WHAT TO WORK ON
Pictures stay out of the copy. Retype exactly, and only, the lines from the one containing "1219 W Wynnewood" through the end of the listing below.

SOURCE DATA
_ _ _ _ _ _ _
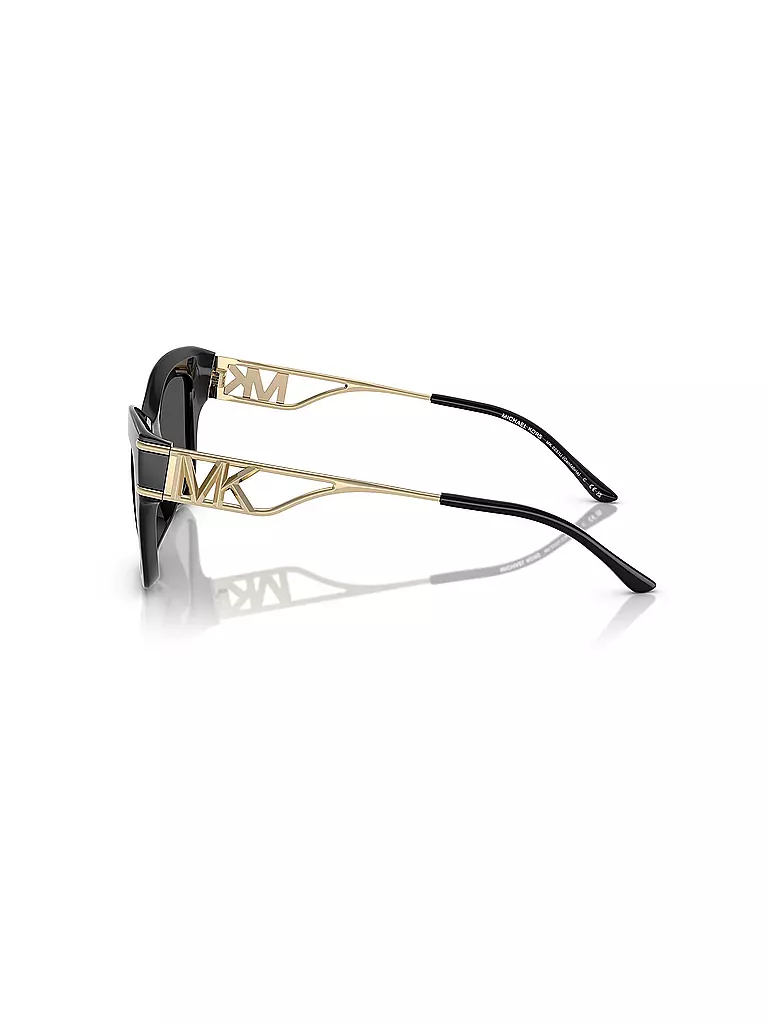 MICHAEL KORS | Lunettes de soleil 0MK2237U/52 | 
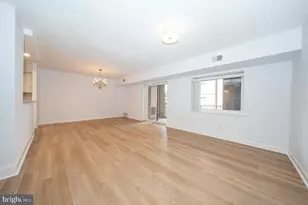 1219 W Wynnewood Rd, Wynnewood, PA 19096 - Photo 24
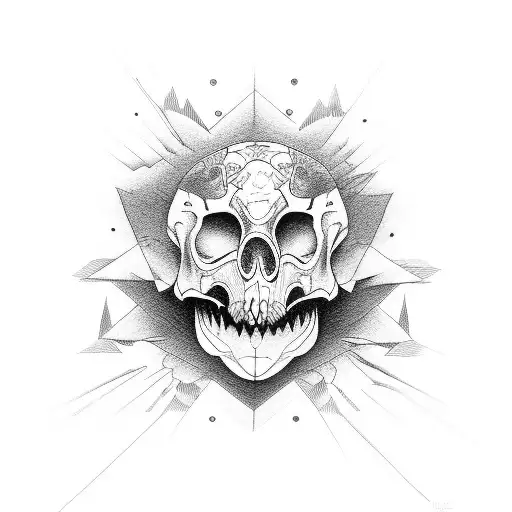 Made It Through The Pain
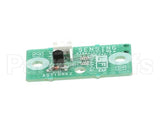 DPWB-A571DRKZ Sharp Antenna Sensor Unit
_ _ _ _ _ _ _
ANSWER SECTION
 1219 W Wynnewood Rd, Wynnewood, PA 19096 - Photo 24
 Made It Through The Pain
 DPWB-A571DRKZ Sharp Antenna Sensor Unit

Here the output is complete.